Incontro interlocutorio ma ancora nessuna certezza sulla situazione del gruppo Tfa (ex Firema) in Basilicata con sede nell’area industriale di Tito, nel potentino.

Nelle scorse ore, tavolo sindacale al Ministero dello Sviluppo Economico che ha evidenziato le “ombre ancora da chiarire – hanno dichiarato in una nota le sigle Fim, Fiom e Uilm – relativamente al piano industriale che non è stato ancora approvato dal Cda che si riunirà il prossimo 18 Maggio.”

La società – stando alle informazioni rese note – ha annunciato investimenti di circa 20 milioni per il triennio 2019/2021, che riguarderanno il miglioramento delle infrastrutture, fabbricazione, innovazione e sviluppo. Tali investimenti vedranno la partecipazione di Invitalia. L’unica commessa certa ed assegnata a Tfa è la Circumetnea, ovvero 54 treni da realizzare a partire dalla fine 2019 e con prima consegna a gennaio 2021.

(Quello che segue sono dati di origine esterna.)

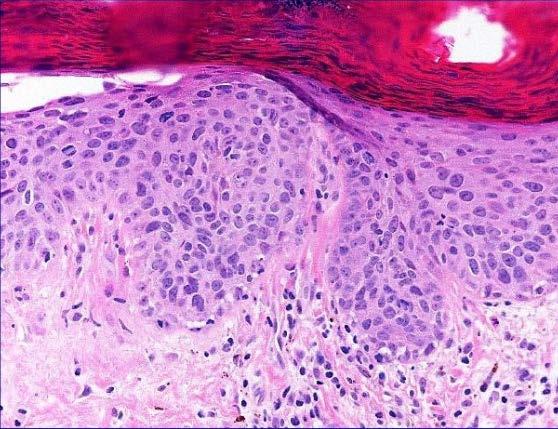 The bowenoid type of actinic keratosis is histologically indistinguishable from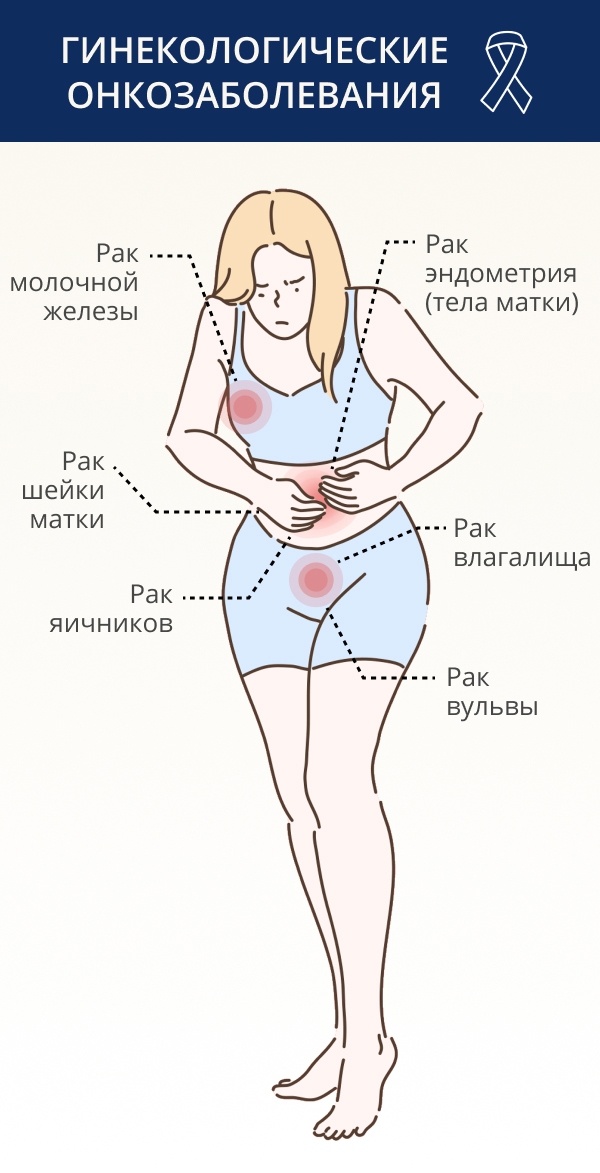 Рак вульвы — первые признаки и симптомы, лечение онкологии вульвы в Москве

Risposte insufficienti, secondo i sindacati, che non consentono valutazioni positive. Insieme alla RSU e ai lavoratori, annunciate tutte le azioni necessarie “affinché – specificano – anche la politica regionale possa sentire sulla propria pelle le difficoltà e le ansie dei lavoratori.” Il tavolo si è aggiornato al 26 giugno, quando Tfa illustrerà il piano industriale con relativo cronoprogramma di investimenti.